### TASK INSTRUCTIONS
Down to the last line, set down the material below exactly, excluding pictures.

*** EXTRACTED INFORMATION ***

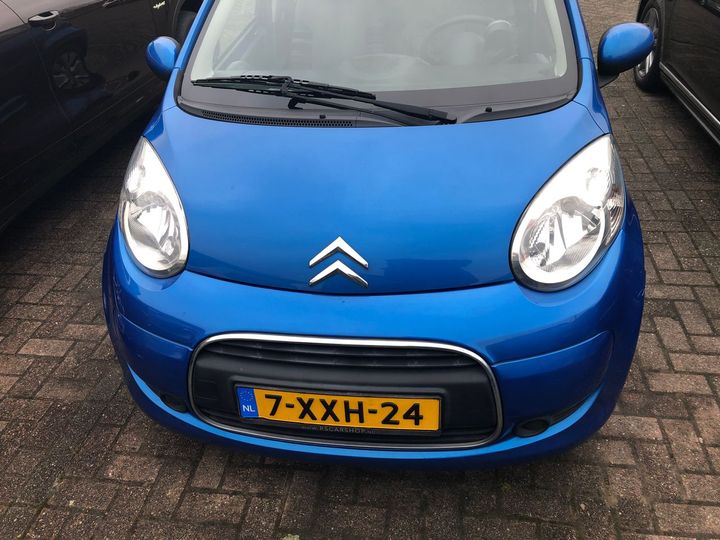 Photo 5 VIN: VF7PNCFB489499763 - CITROEN C1 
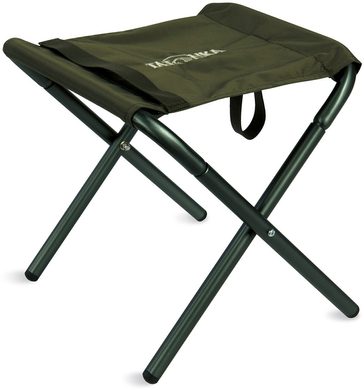 TATONKA FOLDABLE CHAIR, olive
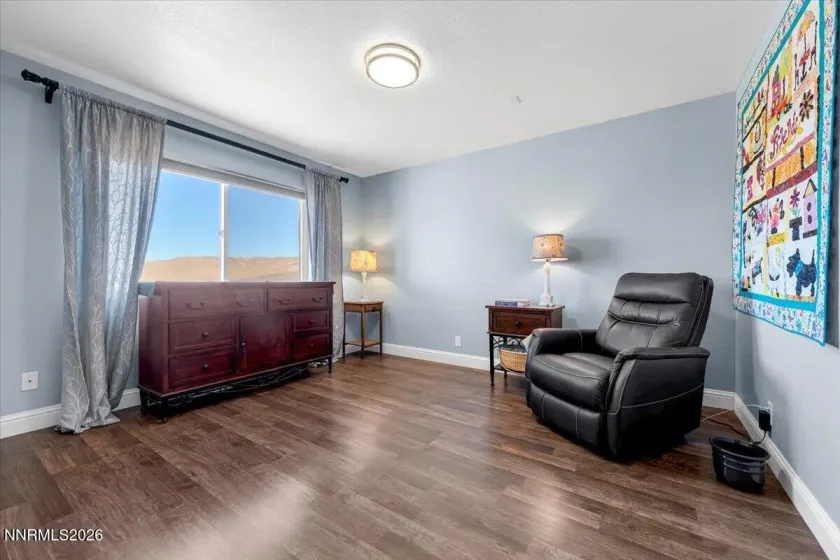 Bedroom 3 - main level
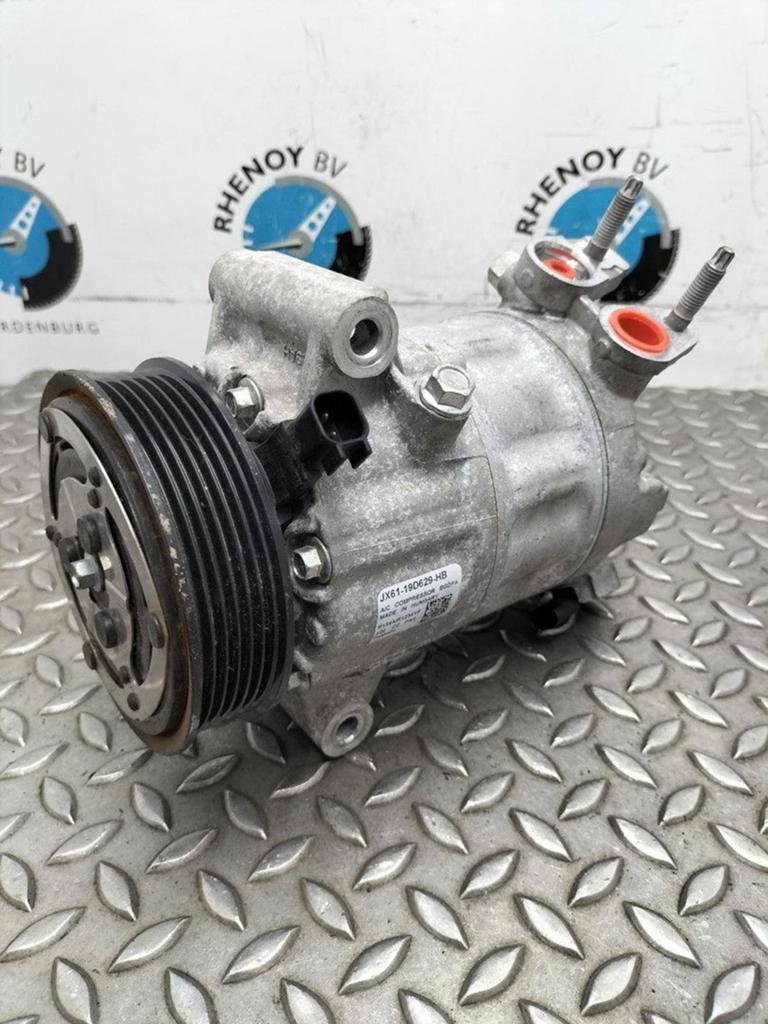 FORD PUMA TITANNIUM AIRCO COMPRESSOR / AIRCOPOMP 2022, Ophalen of Verzenden, Gebruikt, Stiba lid
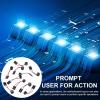 10PCS Speaker Buzzer DIY PC Case Buzzer Computer Motherboard Onboard Case Buzzer view 4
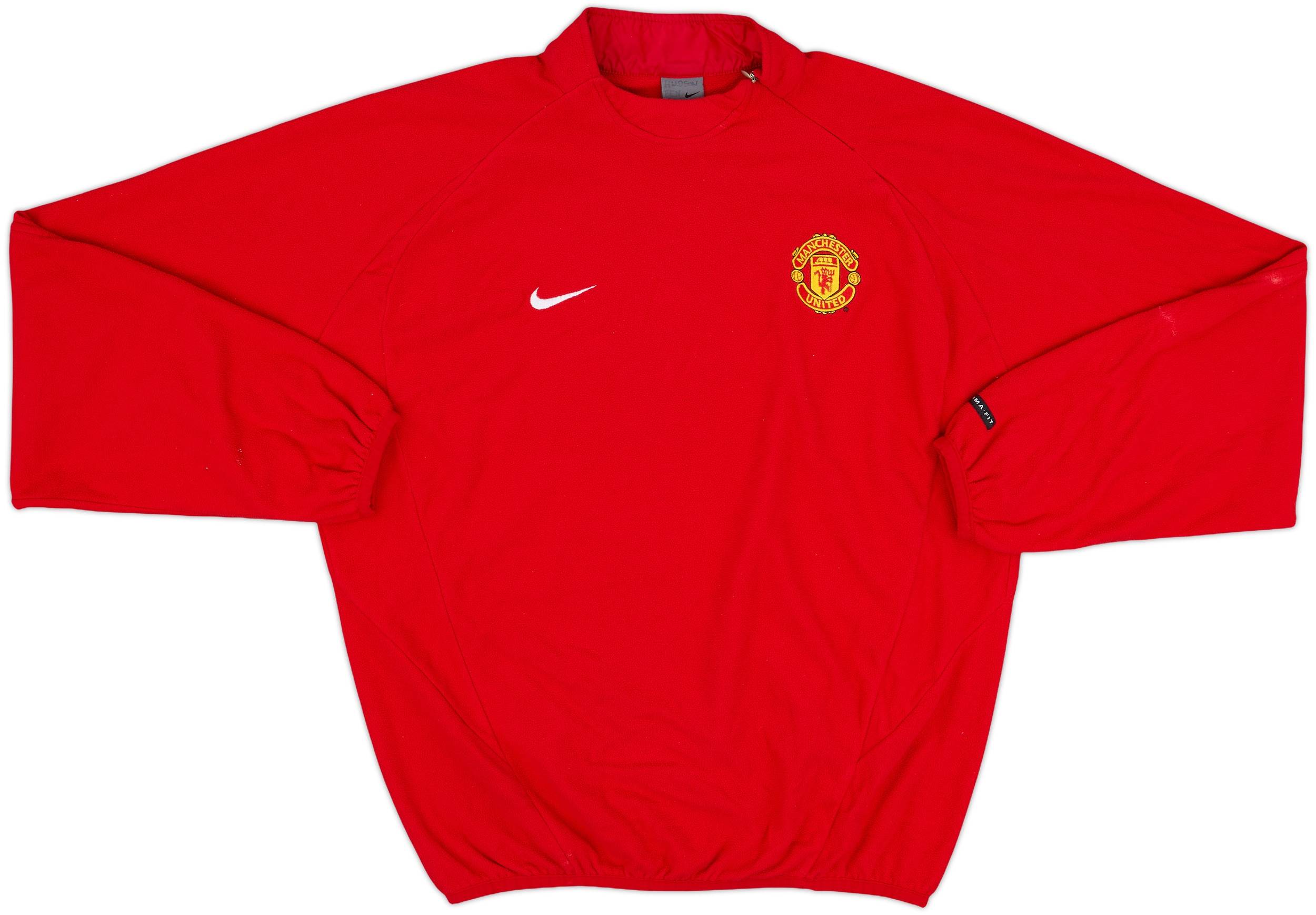ウェア Nike Manchester United 03-04 Vintage 03-4 Nike Manchester United Soccer EPL Shirt Jersey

*** End of EXTRACTED INFORMATION ***

### RESPONSE
 Photo 5 VIN: VF7PNCFB489499763 - CITROEN C1 
 TATONKA FOLDABLE CHAIR, olive
 Bedroom 3 - main level
 FORD PUMA TITANNIUM AIRCO COMPRESSOR / AIRCOPOMP 2022, Ophalen of Verzenden, Gebruikt, Stiba lid
 10PCS Speaker Buzzer DIY PC Case Buzzer Computer Motherboard Onboard Case Buzzer view 4
ウェア Nike Manchester United 03-04 Vintage 03-4 Nike Manchester United Soccer EPL Shirt Jersey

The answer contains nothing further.